October 31, 2006
Karen Lanrap wrote:
> Bill Baxter wrote:
> 
>> best answer in terms of efficiency
> 
> For me removing an element does not affect other elements.

Then I think you want a linked list, not an array.

--bb
October 31, 2006
Bill Baxter wrote:

> Then I think you want a linked list, not an array.

The diversity of answers in this thread shows that there is no canonical remove operation for arrays. One can define some operation to be called a "remove" operation, but that is by pure will, when the invariants that have to be maintained are unknown.
October 31, 2006
Bill Baxter wrote:
> David Medlock wrote:
> 
>> Bill Baxter wrote:
>>
>>> How do I remove an element from a dynamic array?
>>>
>>>    int[] a = [1,2,3,4,5];
>>>
>>> I tried every syntax I could think of:
>>>
>>>    a[3] = void;
>>>    a[3..4] = void;
>>>    a[3..4] = a[3..3];
>>>    a[3] = [];
>>>    a[3..4] = [];
>>>    delete a[3];
>>>    delete a[3..4];
>>>
>>> The last one compiles, but fills a[0] with garbage.
>>>
>>> I hope the answer isn't:
>>>
>>>    a = a[0..3] ~ a[4..length];
>>>
>>> Thanks!
>>> --bb
>>
>>
>>
>>  From my personal tools library...
>>
>> // remove an item from an array
>> template drop(T)
>> {
>>   T drop( inout T[] arr, int which )
>>   {
>>     debug if ( which>=arr.length)
>>         throw new Exception(str.format("Attempt to drop position %s from size %s",which,arr.length));
>>     T result = arr[which];
>>     int max = arr.length-1;
>>     for (; which < max; which++ ) arr[which]=arr[which+1];
>>     arr.length= max;
>>     return result;
>>   }
>> }

Something you might find interesting/indicative -- I wrote a little test program to time your function versus that found in Cashew, and with the slicing expression above.  Output:

# Array length: 10000
# Iterations removing middle element: 5000
#  ---------- Slice syntax: a[0 .. mid] ~ [mid + 1 .. a.length]
# <Benchmark array removals> Baseline 3.460000
#  ---------- CashewUtils: a.removeIndex(mid)
# <Benchmark array removals> Time 2.970000 & 1.164983 versus baseline
#  ---------- Drop: version 1
# <Benchmark array removals> Time 0.270000 & 12.814815 versus baseline
#  ---------- Drop: version 2
# <Benchmark array removals> Time 0.390000 & 8.871795 versus baseline

Drop v2 was an attempt of mine at rewriting your .drop() that, obviously, falls a little short of the original in performance.  I also find it odd that Cashew's .removeIndex() is actually timing a little master than the slice expression, because that's actually it is: a wrapper around that very same expression.  *confused*  Anyhow, clearly your .drop() is running very fast!  I actually expected the opposite, and am surprised/impressed.

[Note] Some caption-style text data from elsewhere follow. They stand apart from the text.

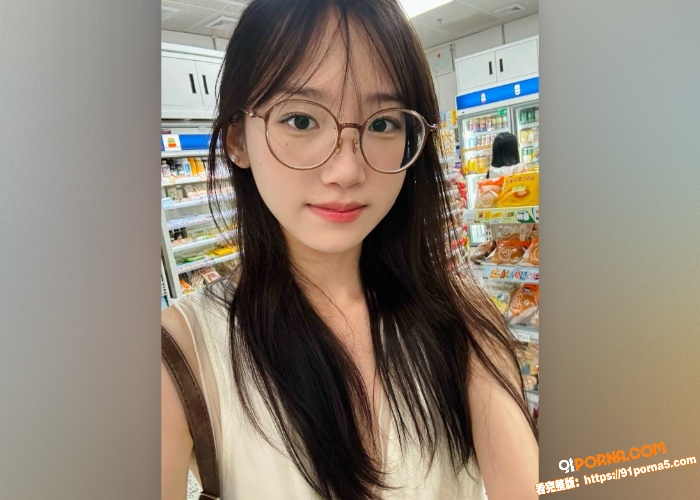 小情侣自拍泄密！青涩女大...（1）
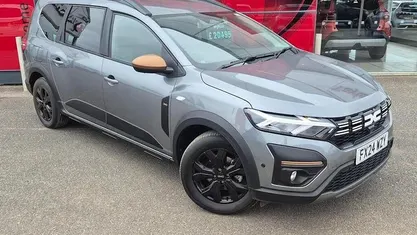 Used Dacia Jogger Extreme 141 HP (103 kW) 2024 MPV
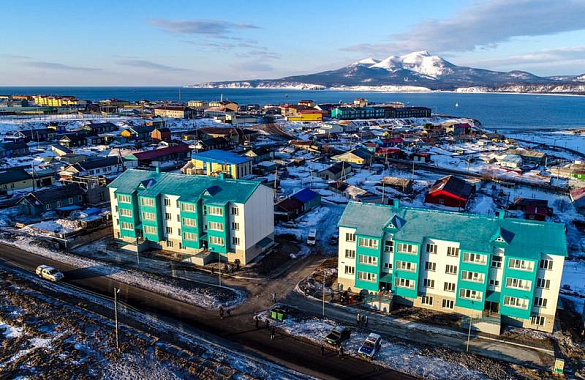 В Южно-Курильском городском округе Сахалинской области вручили ключи от новых квартир гражданам, проживавшим в аварийном жилье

Maybe you should release it into Cashew?  ;)  And maybe I should put more into benchmarking the entire Cashew array module.  There might be a few more placed it could be sped up.

>>
>> Even though it returns the array, it modifies it in place.
>>
>> -DavidM
> 
> 
> Thanks David, this seems like the best answer in terms of efficiency, although I suppose the
>     a = a[0..3] ~ a[4..length];
> could theoretically be pretty similar depending how the compiler implements it.
> 
> 
> There really should be syntax in the language or at least functions like the above in the standard library for this (and for removing slices). 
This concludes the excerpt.